→ ACTION ITEM
A verbatim copy of the listing is the expected output.

→ DATA SUPPLIED
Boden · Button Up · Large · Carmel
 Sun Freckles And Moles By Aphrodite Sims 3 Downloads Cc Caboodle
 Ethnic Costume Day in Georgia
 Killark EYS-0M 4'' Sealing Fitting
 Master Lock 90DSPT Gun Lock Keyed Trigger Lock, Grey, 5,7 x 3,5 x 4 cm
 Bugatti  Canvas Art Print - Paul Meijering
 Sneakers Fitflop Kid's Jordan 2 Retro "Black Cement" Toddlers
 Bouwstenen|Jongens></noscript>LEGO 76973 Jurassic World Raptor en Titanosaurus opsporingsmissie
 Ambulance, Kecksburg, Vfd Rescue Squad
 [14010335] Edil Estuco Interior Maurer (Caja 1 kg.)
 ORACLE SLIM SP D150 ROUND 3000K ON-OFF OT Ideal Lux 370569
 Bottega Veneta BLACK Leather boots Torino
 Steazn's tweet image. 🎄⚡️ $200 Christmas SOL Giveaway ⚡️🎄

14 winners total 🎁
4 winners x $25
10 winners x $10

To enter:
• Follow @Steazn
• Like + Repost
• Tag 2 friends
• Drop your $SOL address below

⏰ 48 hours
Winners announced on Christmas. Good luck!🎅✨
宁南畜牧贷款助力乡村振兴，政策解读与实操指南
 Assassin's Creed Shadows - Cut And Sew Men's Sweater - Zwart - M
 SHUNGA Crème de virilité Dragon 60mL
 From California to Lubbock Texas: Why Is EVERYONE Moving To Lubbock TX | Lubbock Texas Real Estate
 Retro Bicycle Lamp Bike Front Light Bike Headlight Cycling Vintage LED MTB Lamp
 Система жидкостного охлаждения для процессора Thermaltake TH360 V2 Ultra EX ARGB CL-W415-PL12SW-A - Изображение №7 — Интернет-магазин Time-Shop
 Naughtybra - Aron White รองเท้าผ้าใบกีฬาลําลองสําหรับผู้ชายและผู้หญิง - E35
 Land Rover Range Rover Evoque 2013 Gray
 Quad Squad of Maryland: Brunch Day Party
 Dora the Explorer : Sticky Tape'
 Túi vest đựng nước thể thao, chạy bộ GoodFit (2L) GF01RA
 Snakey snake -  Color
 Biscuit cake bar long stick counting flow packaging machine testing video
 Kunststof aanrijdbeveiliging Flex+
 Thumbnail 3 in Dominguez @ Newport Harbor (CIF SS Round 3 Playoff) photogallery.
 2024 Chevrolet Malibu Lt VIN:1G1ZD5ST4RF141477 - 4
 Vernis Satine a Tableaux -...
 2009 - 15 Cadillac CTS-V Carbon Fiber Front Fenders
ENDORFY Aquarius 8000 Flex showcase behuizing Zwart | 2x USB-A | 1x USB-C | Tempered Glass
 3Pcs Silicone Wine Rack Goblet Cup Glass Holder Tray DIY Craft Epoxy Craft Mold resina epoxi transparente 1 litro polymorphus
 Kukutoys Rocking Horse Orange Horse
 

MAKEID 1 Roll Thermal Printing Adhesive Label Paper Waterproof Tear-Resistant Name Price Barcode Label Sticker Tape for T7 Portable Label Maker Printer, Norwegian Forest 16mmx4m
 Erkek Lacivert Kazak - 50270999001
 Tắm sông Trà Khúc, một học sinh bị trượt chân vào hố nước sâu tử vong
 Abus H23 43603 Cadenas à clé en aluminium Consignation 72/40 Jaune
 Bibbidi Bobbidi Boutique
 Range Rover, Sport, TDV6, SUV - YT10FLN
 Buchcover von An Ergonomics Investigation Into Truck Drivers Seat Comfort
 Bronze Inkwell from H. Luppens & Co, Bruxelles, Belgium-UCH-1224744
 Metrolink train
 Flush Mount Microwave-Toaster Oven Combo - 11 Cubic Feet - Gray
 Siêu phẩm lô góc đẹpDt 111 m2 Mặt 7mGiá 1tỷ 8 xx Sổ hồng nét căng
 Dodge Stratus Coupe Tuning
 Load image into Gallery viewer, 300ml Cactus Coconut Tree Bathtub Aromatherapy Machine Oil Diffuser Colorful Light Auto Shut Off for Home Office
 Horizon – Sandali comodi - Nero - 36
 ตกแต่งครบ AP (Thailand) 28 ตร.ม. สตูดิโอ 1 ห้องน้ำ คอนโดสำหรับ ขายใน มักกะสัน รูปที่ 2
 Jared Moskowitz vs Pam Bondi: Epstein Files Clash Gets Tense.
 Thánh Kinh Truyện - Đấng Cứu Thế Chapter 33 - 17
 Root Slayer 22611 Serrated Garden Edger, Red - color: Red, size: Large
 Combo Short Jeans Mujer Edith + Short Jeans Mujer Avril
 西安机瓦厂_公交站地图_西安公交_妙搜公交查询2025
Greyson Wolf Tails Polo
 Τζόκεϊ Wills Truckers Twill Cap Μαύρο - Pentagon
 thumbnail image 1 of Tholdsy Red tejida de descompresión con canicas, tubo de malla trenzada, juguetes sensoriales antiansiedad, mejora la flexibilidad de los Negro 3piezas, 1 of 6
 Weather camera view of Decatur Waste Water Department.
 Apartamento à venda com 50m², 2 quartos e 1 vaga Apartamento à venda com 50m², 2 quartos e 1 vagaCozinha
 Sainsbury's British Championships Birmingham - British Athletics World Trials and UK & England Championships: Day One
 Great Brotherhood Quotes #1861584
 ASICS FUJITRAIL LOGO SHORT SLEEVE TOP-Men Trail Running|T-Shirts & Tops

→ YOUR SOLUTION
Boden · Button Up · Large · Carmel
 Sun Freckles And Moles By Aphrodite Sims 3 Downloads Cc Caboodle
 Ethnic Costume Day in Georgia
 Killark EYS-0M 4'' Sealing Fitting
 Master Lock 90DSPT Gun Lock Keyed Trigger Lock, Grey, 5,7 x 3,5 x 4 cm
 Bugatti  Canvas Art Print - Paul Meijering
 Sneakers Fitflop Kid's Jordan 2 Retro "Black Cement" Toddlers
 Bouwstenen|Jongens></noscript>LEGO 76973 Jurassic World Raptor en Titanosaurus opsporingsmissie
 Ambulance, Kecksburg, Vfd Rescue Squad
 [14010335] Edil Estuco Interior Maurer (Caja 1 kg.)
 ORACLE SLIM SP D150 ROUND 3000K ON-OFF OT Ideal Lux 370569
 Bottega Veneta BLACK Leather boots Torino
 Steazn's tweet image. 🎄⚡️ $200 Christmas SOL Giveaway ⚡️🎄

14 winners total 🎁
4 winners x $25
10 winners x $10

To enter:
• Follow @Steazn
• Like + Repost
• Tag 2 friends
• Drop your $SOL address below

⏰ 48 hours
Winners announced on Christmas. Good luck!🎅✨
宁南畜牧贷款助力乡村振兴，政策解读与实操指南
 Assassin's Creed Shadows - Cut And Sew Men's Sweater - Zwart - M
 SHUNGA Crème de virilité Dragon 60mL
 From California to Lubbock Texas: Why Is EVERYONE Moving To Lubbock TX | Lubbock Texas Real Estate
 Retro Bicycle Lamp Bike Front Light Bike Headlight Cycling Vintage LED MTB Lamp
 Система жидкостного охлаждения для процессора Thermaltake TH360 V2 Ultra EX ARGB CL-W415-PL12SW-A - Изображение №7 — Интернет-магазин Time-Shop
 Naughtybra - Aron White รองเท้าผ้าใบกีฬาลําลองสําหรับผู้ชายและผู้หญิง - E35
 Land Rover Range Rover Evoque 2013 Gray
 Quad Squad of Maryland: Brunch Day Party
 Dora the Explorer : Sticky Tape'
 Túi vest đựng nước thể thao, chạy bộ GoodFit (2L) GF01RA
 Snakey snake -  Color
 Biscuit cake bar long stick counting flow packaging machine testing video
 Kunststof aanrijdbeveiliging Flex+
 Thumbnail 3 in Dominguez @ Newport Harbor (CIF SS Round 3 Playoff) photogallery.
 2024 Chevrolet Malibu Lt VIN:1G1ZD5ST4RF141477 - 4
 Vernis Satine a Tableaux -...
 2009 - 15 Cadillac CTS-V Carbon Fiber Front Fenders
ENDORFY Aquarius 8000 Flex showcase behuizing Zwart | 2x USB-A | 1x USB-C | Tempered Glass
 3Pcs Silicone Wine Rack Goblet Cup Glass Holder Tray DIY Craft Epoxy Craft Mold resina epoxi transparente 1 litro polymorphus
 Kukutoys Rocking Horse Orange Horse
 

MAKEID 1 Roll Thermal Printing Adhesive Label Paper Waterproof Tear-Resistant Name Price Barcode Label Sticker Tape for T7 Portable Label Maker Printer, Norwegian Forest 16mmx4m
 Erkek Lacivert Kazak - 50270999001
 Tắm sông Trà Khúc, một học sinh bị trượt chân vào hố nước sâu tử vong
 Abus H23 43603 Cadenas à clé en aluminium Consignation 72/40 Jaune
 Bibbidi Bobbidi Boutique
 Range Rover, Sport, TDV6, SUV - YT10FLN
 Buchcover von An Ergonomics Investigation Into Truck Drivers Seat Comfort
 Bronze Inkwell from H. Luppens & Co, Bruxelles, Belgium-UCH-1224744
 Metrolink train
 Flush Mount Microwave-Toaster Oven Combo - 11 Cubic Feet - Gray
 Siêu phẩm lô góc đẹpDt 111 m2 Mặt 7mGiá 1tỷ 8 xx Sổ hồng nét căng
 Dodge Stratus Coupe Tuning
 Load image into Gallery viewer, 300ml Cactus Coconut Tree Bathtub Aromatherapy Machine Oil Diffuser Colorful Light Auto Shut Off for Home Office
 Horizon – Sandali comodi - Nero - 36
 ตกแต่งครบ AP (Thailand) 28 ตร.ม. สตูดิโอ 1 ห้องน้ำ คอนโดสำหรับ ขายใน มักกะสัน รูปที่ 2
 Jared Moskowitz vs Pam Bondi: Epstein Files Clash Gets Tense.
 Thánh Kinh Truyện - Đấng Cứu Thế Chapter 33 - 17
 Root Slayer 22611 Serrated Garden Edger, Red - color: Red, size: Large
 Combo Short Jeans Mujer Edith + Short Jeans Mujer Avril
 西安机瓦厂_公交站地图_西安公交_妙搜公交查询2025
Greyson Wolf Tails Polo
 Τζόκεϊ Wills Truckers Twill Cap Μαύρο - Pentagon
 thumbnail image 1 of Tholdsy Red tejida de descompresión con canicas, tubo de malla trenzada, juguetes sensoriales antiansiedad, mejora la flexibilidad de los Negro 3piezas, 1 of 6
 Weather camera view of Decatur Waste Water Department.
 Apartamento à venda com 50m², 2 quartos e 1 vaga Apartamento à venda com 50m², 2 quartos e 1 vagaCozinha
 Sainsbury's British Championships Birmingham - British Athletics World Trials and UK & England Championships: Day One
 Great Brotherhood Quotes #1861584
 ASICS FUJITRAIL LOGO SHORT SLEEVE TOP-Men Trail Running|T-Shirts & Tops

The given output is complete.